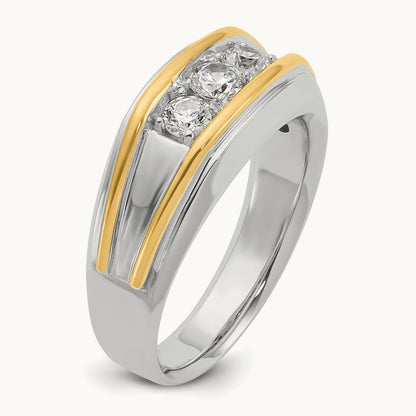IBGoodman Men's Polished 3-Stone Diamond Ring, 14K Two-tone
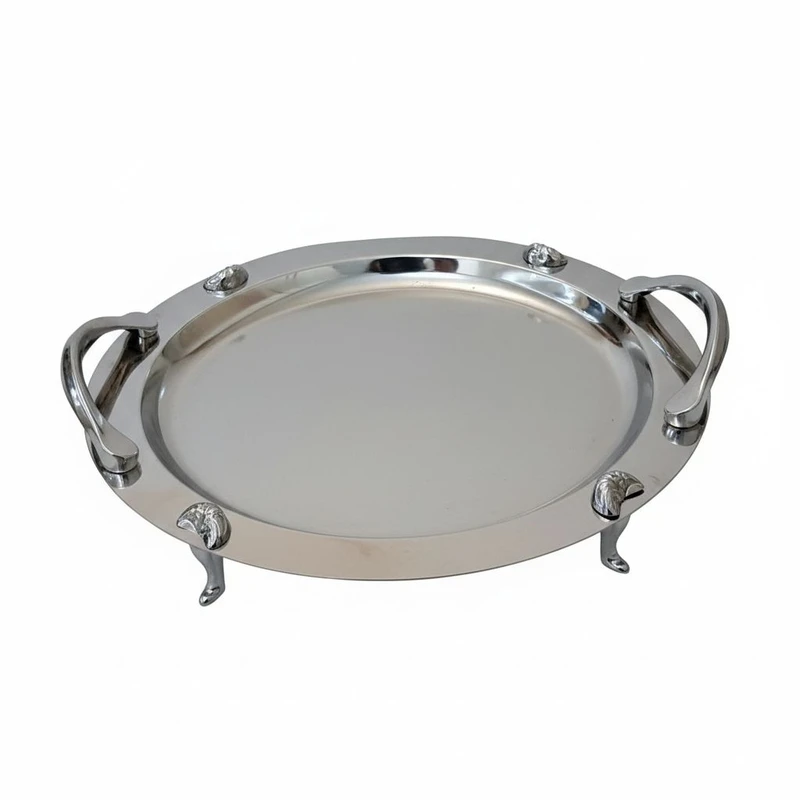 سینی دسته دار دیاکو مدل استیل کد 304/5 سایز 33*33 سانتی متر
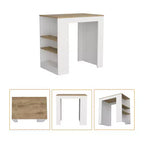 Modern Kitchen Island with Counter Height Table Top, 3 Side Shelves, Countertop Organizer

---

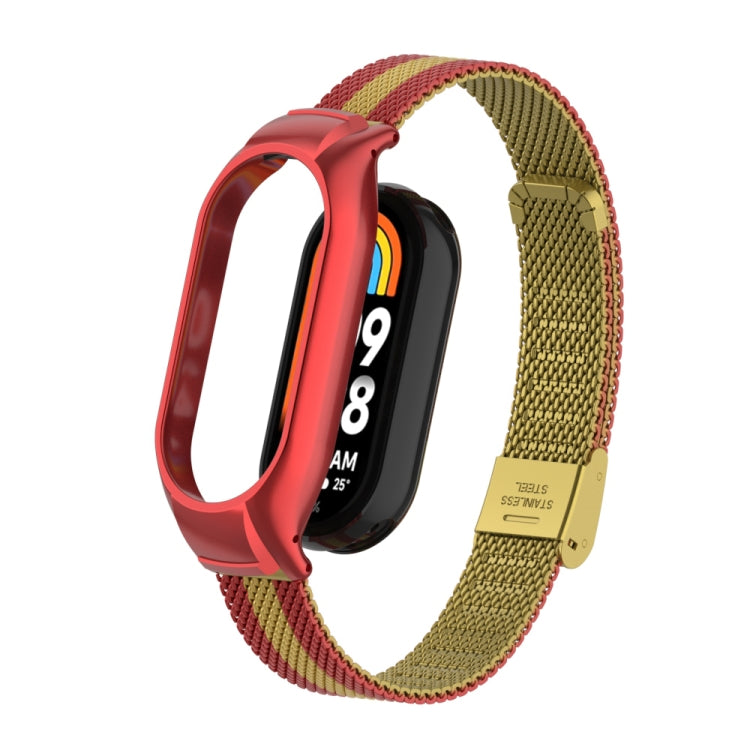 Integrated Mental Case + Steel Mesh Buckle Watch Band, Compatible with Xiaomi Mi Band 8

* * *

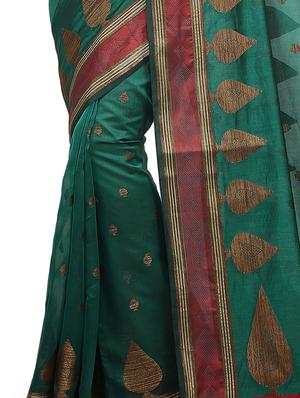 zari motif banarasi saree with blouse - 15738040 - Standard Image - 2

TASK ITEM. Copy exactly, without pictures, the lines above from the one with "IBGoodman Men's Polished" down to the one with "Modern Kitchen Island", inclusive.

ANSWER FOR THIS EXERCISE.
IBGoodman Men's Polished 3-Stone Diamond Ring, 14K Two-tone
 سینی دسته دار دیاکو مدل استیل کد 304/5 سایز 33*33 سانتی متر
 Modern Kitchen Island with Counter Height Table Top, 3 Side Shelves, Countertop Organizer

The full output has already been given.